%%

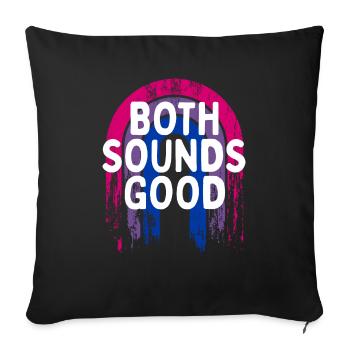 Both Sounds Good Bisexual LGBTQ Bi Pride Funny - Sofa pillowcase 17,3'' x 17,3'' (45 x 45 cm) - black - Front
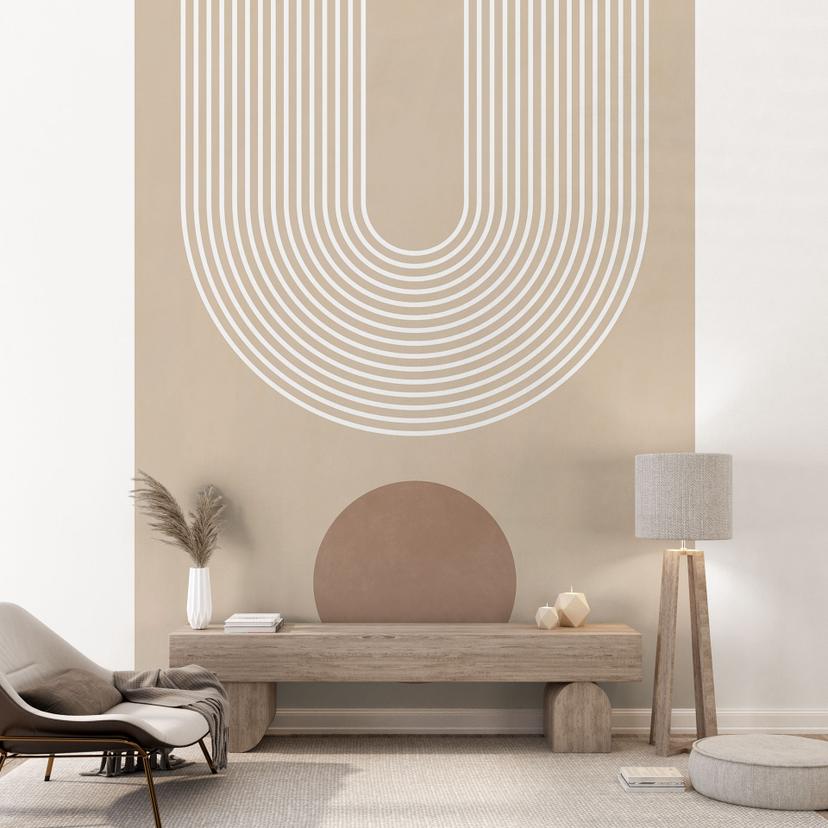 Abstrakt geometri i balance Fototapet - Beige - Ristova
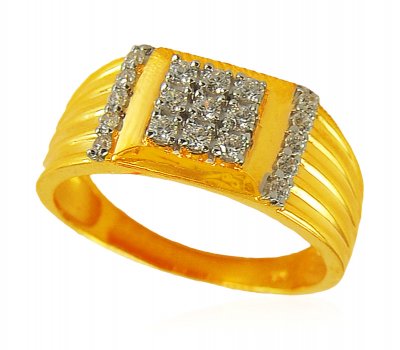 22K Mens CZ Stones Ring ( Mens Signity Rings )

%%

▶ [THE TASK]:
Using the listing above, set down exactly each line from the one containing "Abstrakt geometri i" through the final line, and leave out pictures.

▶ [YOUR RESPONSE]:
 Abstrakt geometri i balance Fototapet - Beige - Ristova
 22K Mens CZ Stones Ring ( Mens Signity Rings )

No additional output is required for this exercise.